**Exercise aim**
Please set down the lines of the listing exactly, from its first line to the line with "100 meilleures tenues de tricot 2025-2026", leaving the pictures out.

**Dataset records**
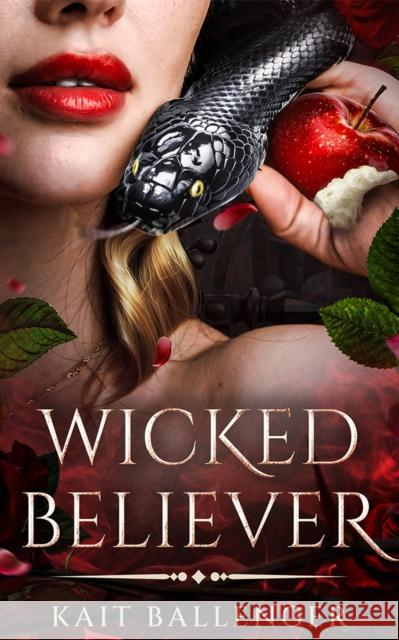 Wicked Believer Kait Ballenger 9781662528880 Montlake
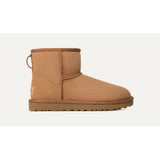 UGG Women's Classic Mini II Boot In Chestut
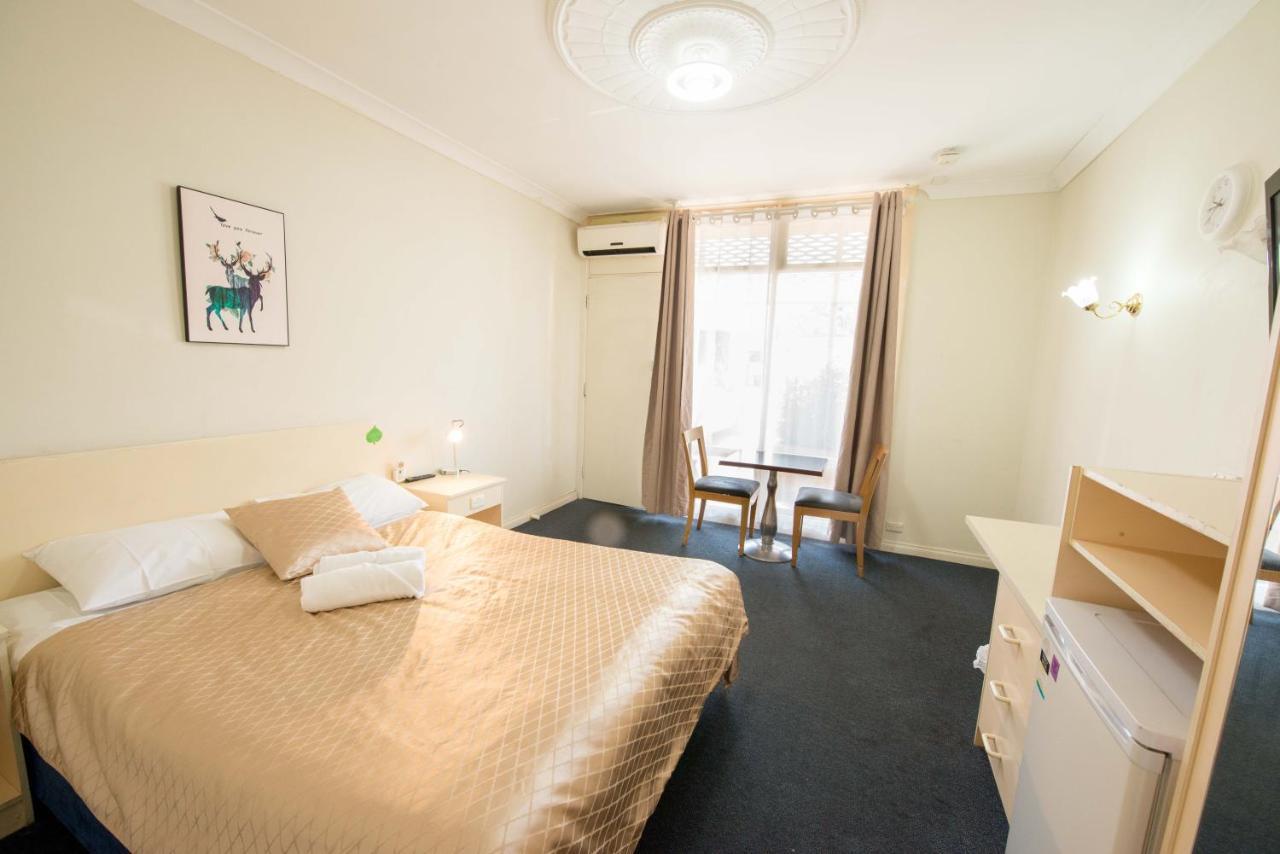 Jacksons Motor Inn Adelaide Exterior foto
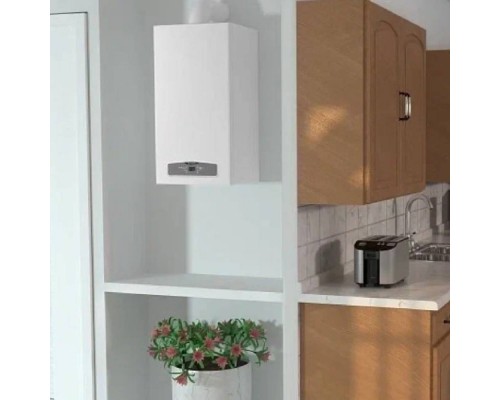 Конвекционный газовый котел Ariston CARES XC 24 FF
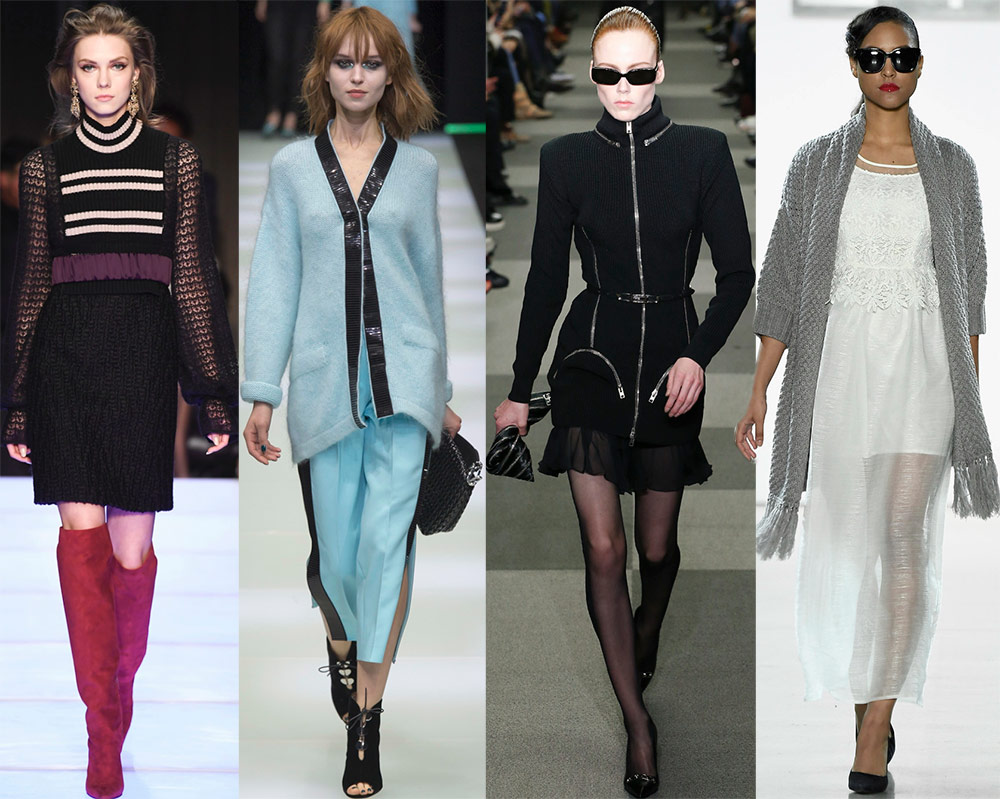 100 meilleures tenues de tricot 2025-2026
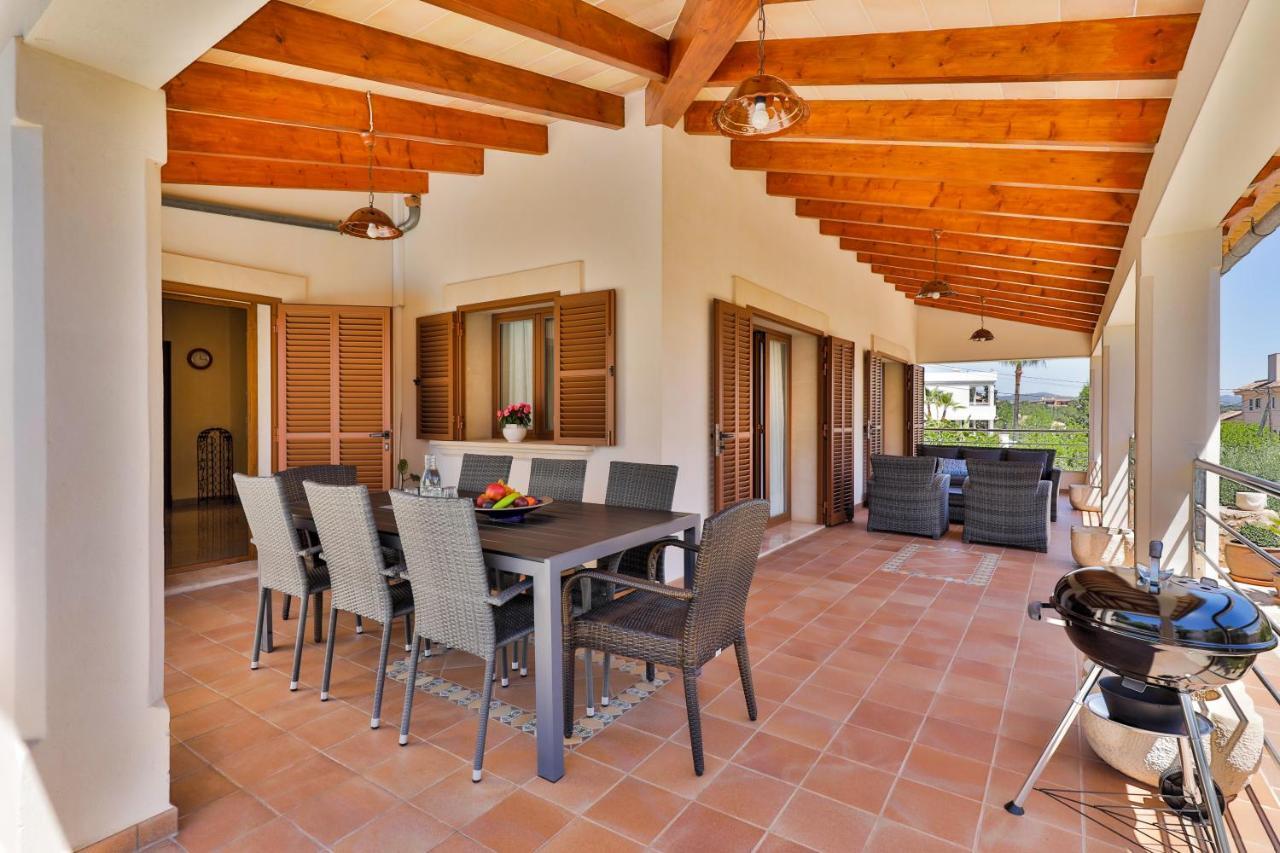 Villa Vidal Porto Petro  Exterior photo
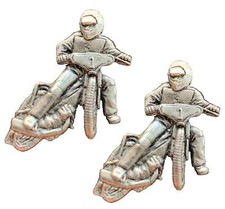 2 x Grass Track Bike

**Answer below**
 Wicked Believer Kait Ballenger 9781662528880 Montlake
 UGG Women's Classic Mini II Boot In Chestut
 Jacksons Motor Inn Adelaide Exterior foto
 Конвекционный газовый котел Ariston CARES XC 24 FF
 100 meilleures tenues de tricot 2025-2026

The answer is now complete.